Required action
Output the data below exactly, without images.

Input data

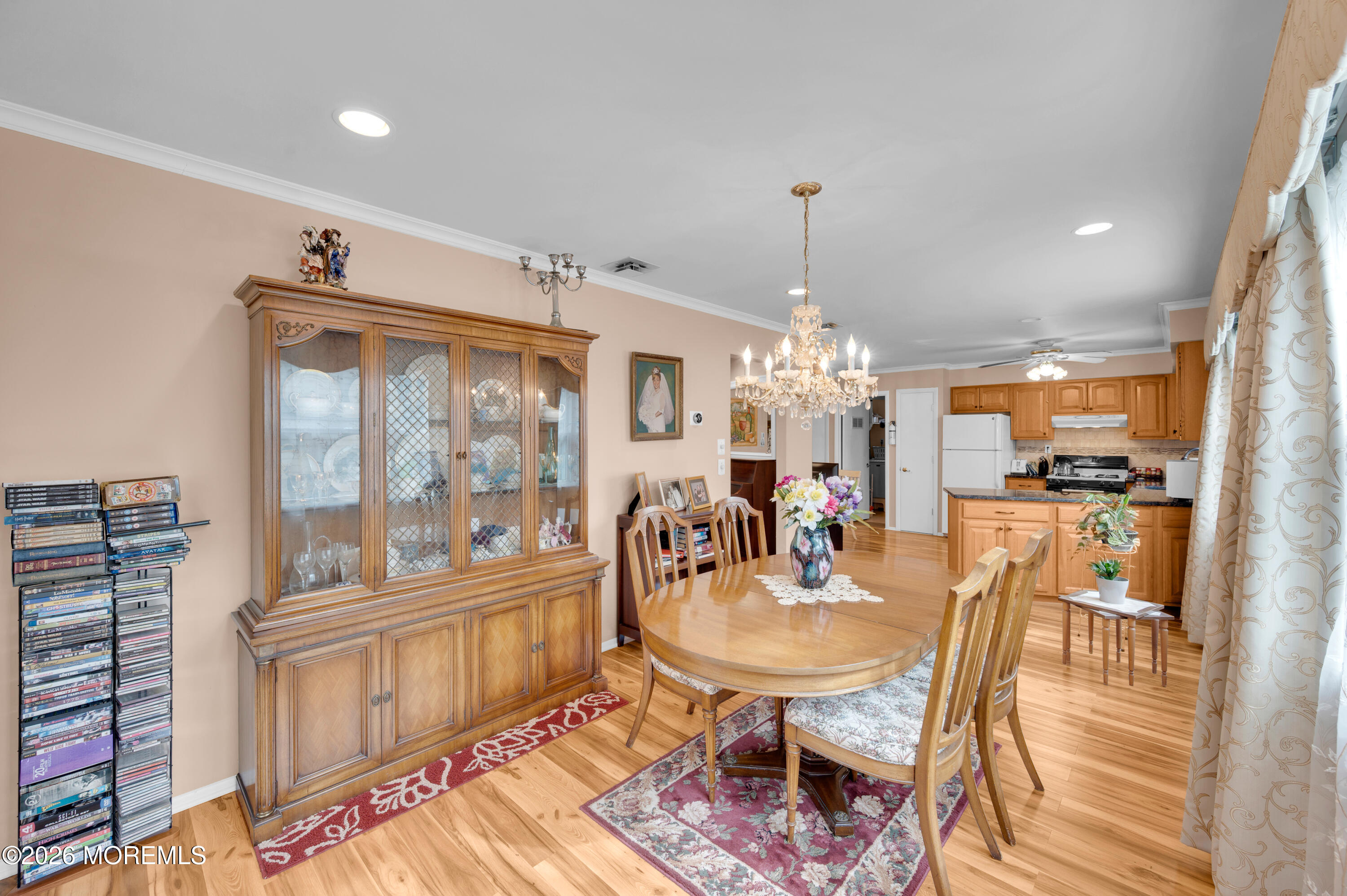 46 Baser Lane Brick, NJ 08724 - Photo 15 of 31 a dining room with furniture a chandelier and wooden floor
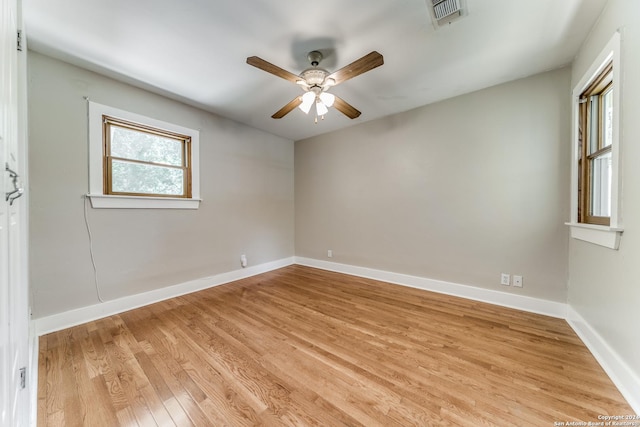 unfurnished room featuring ceiling fan and light wood-type flooring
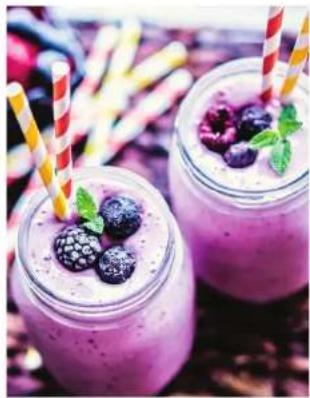 Two glass jars filled with purple smoothie, blueberries, and striped straws (no text or symbols visible)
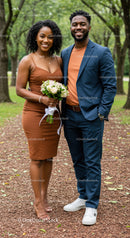 Smiling Couple Posing Outdoors with Bouquet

Reply to the exercise
 46 Baser Lane Brick, NJ 08724 - Photo 15 of 31 a dining room with furniture a chandelier and wooden floor
 unfurnished room featuring ceiling fan and light wood-type flooring
 Two glass jars filled with purple smoothie, blueberries, and striped straws (no text or symbols visible)
 Smiling Couple Posing Outdoors with Bouquet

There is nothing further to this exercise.